Yeah, I'm good with this. Very sensible. Let's write some logic.

Printing characters to a file descriptor

Yes we can of course use printf or puts but we can learn a little more by doing it by hand. We only have to worry about writing to stdout and stderr anyhow.

Some things we need to know. First, we need to know that in assignment statements, only temporaries may be assigned to. There are load and store functions to be able to manipulate globals. The second thing we need to know is that temporaries may be non-SSA temporaries. This means we do not have to follow strict SSA form when dealing with temporaries. And it is this second piece that makes writing QBE IR so much easier than LLVM IR and I think might be the killer feature that will allow us to use QBE IR in our self-hosting PL/0 compiler.

Let's take a look at this function and talk it out:

function $dputs(l %s, w %fd) {	# Static function with parameters
@start
@loop
	%ch =w loadub %s	# Get byte at current string location
	%cmp =w ceqw %ch, 0	# Is byte NUL? Return 1 if true, 0 if false
	jnz %cmp, @done, @pbyte	# cmp returned true ? done : pbyte
@pbyte
	storew %ch, $ch		# Put byte into write buffer
	call $write(w %fd, l $ch, w 1)
	%s =l add %s, 1		# Next character in string
	jmp @loop
@done
	ret			# All functions end with ret, jmp, or jnz
}

Our dputs function is a void function that will take two parameters, a string %s and a file descriptor %fd. I don't remember seeing it in the QBE documentation but some trial-and-error uncovered that if you omit a type declaration between function and the function name, you get a void function. Even though the string is marked as a temporary, when we call dputs we'll use a global for that parameter and everything works.

QBE IR has a little quirk in that you cannot jump to the first block in a function. You can have two blocks right on top of each other and jump to the second block. So that's what I'm doing here. We have to dereference a character from the current string location, loadub will load an unsigned byte. Next, we check to see if that byte is 0, since if it is, we're finished with our string.

The comparison functions are regularly named: all begin with c, then the comparator you want (eq for equals, in our case), and all end with the type of the two sides of the comparison, w in our case. The comparisons return 1 if true, 0 if false. That then leads directly to a conditional jump, jnz, or jump if not 0. This is the only conditional jump available in QBE IR. There is an unconditional jump, jmp as well.
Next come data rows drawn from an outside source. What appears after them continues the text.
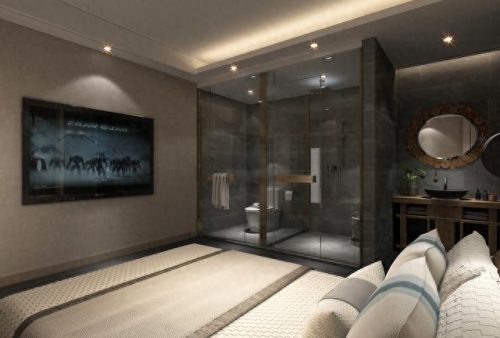 银川足浴技师排名前十(足浴技师对你有好感表现)插图19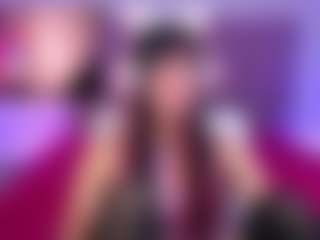 Lia's Live Sex Cam Show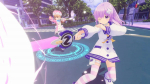 Screenshots Neptunia: Sisters VS Sisters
The conditional jump takes three operands, each separated by a comma. The first operand is a variable. The second is the block to jump to if the variable is not 0. The third is the block to jump to if the variable is 0. Therefore, the comparator and conditional jump together check to see if the current byte in the string is 0. If it is (i.e. the comparison returned 1), we jump to @done. If not, we jump to @pbyte.

We can simplify this further:

function $dputs(l %s, w %fd) {	# Static function with parameters
@start
@loop
	%ch =w loadub %s	# Get byte at current string location
	jnz %ch, @pbyte, @done	# %ch != 0 ? @pbyte : @done
@pbyte
	storew %ch, $ch		# Put byte into write buffer
	call $write(w %fd, l $ch, w 1)
	%s =l add %s, 1		# Next character in string
	jmp @loop
@done
	ret			# All functions end with ret, jmp, or jnz
}

Instead of relying on the return value of the comparison, we can eliminate the comparison entirely and just check the byte directly.

Now we have to print the byte. Recall that the C prototype for write(2) is ssize_t write(int, const void *, size_t);. What I chose to do is put the value of temporary variable %ch into the global variable $ch and then use the global as the pointer. As I understand the QBE documentation, globals never directly pass their value, they always pass their address. You must indirectly use load and store to get values out of globals. Therefore, if we were to translate that write call back to C, it would be write(fd, &ch, 1);. And that's what we want.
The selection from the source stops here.